Consider the Lagrangian of a real, scalar field coupled to gravity via the metric $g_{\mu\nu}$ and covariant derivative $\nabla_\mu$

$$\mathcal{L} = \sqrt{-g} (-\frac{1}{2} g^{\mu\nu} \nabla_\mu \phi \nabla_\nu \phi -\frac{1}{2}m^2\phi^2). $$

After canonical quantization, we can expand the field operator in terms of positive-negative frequency modes as (putting the theory in a box) $$ \hat{\phi}(x) = \sum_k [\hat{a}_k u_k(x) + \hat{a}_k^\dagger u^*_k(x)]. $$

However, generally different observers wouldn’t agree on this split between the modes and identify particle states differently. So, this expansion is not unique and for each such expansion we need to find a complete set of orthonormal modes $\{v_k(x)\}$, where orthonormality is w.r.t. the Klein-Gordon inner product: $$ (\phi_1, \phi_2) := -i \int \sqrt{g_\Sigma} [\phi_1 \nabla_\mu \phi_2^* - \phi_2^* \nabla_\mu \phi_1] d\Sigma^\mu.$$ Here $\Sigma$ is a space-like hypersurface and $g_\Sigma$ the induced metric.
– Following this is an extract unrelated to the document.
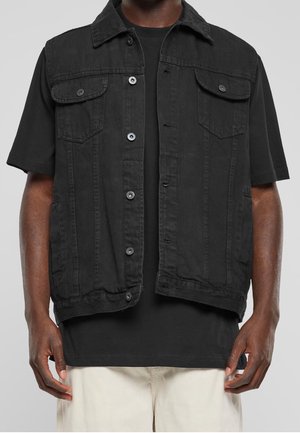 Person trägt eine schwarze ärmellose Jeansjacke mit Knöpfen über einem schwarzen T-Shirt und beigen Hosen, steht mit entspannten Armen.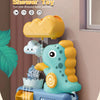 A yellow dinosaur bath toy sprinkler is shown spraying water onto a blue dinosaur figure in a bathroom setting.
My question is about the uniqueness of this hypersurface. In particular, how arbitrary is this choice? For example, would choosing a coordinate chart or defining a worldline fix this surface? Also, if coordinates fix it, I’d expect isometries to result in equivalent definitions of vacuum. Is this correct?

Answer 1

how arbitrary is this choice?

It needs to be a Cauchy surface. In other words, it has to intersect every causal curve exactly once. If it missed some curve, you would be missing information on the spacetime. If it intersected some curve more than once, you'd have issues with causality in the spacetime and might be giving too much information to the equations of motion. The existence of such a surface is equivalent to requiring the spacetime to be globally hyperbolic, which is a common assumption within QFTCS.

Any choice of Cauchy surface is equivalent, as one can show from the conservation laws associated to the Klein–Gordon equation and fooling around with Stoke's theorem.

If I recall correctly, this is discussed on Chap. 14 of Wald's General Relativity textbook (in bold, because I do not mean the QFTCS book).

For example, would choosing a coordinate chart or defining a worldline fix this surface?

Not necessarily. For example, pick the Schwarzschild coordinates in the maximally extended Schwarzschild spacetime. They only cover a part of the spacetime, so they are not enough to specify a Cauchy surface. They might be enough to specify a Cauchy surface on a smaller portion of the spacetime, though (such as one of the outer regions of the black and white holes).

Defining a worldline won't help you fix such a surface, since you actually need a spacelike hypersurface cutting through all of spacetime. A single observer does not have access to that.

Also, if coordinates fix it, I’d expect isometries to result in equivalent definitions of vacuum. Is this correct?

A timelike Killing field often leads you to a preferred notion of vacuum, so, in this sense, yes. However, there are caveats.

1. Kerr spacetime, for example, does not have a Killing-invariant non-singular vacuum state. (Wald's QFTCS book mentions this when discussing the Unruh effect in curved spacetime, there's probably a detailed reference in there)
2. Different observers tangent to the same Killing field might have different notions of particles. For example, pick two accelerated observers with different accelerations in Minkowski spacetime. Both of them are moving tangentially to the boost Killing field, but they disagree on the temperature of the Unruh bath, since they have different accelerations.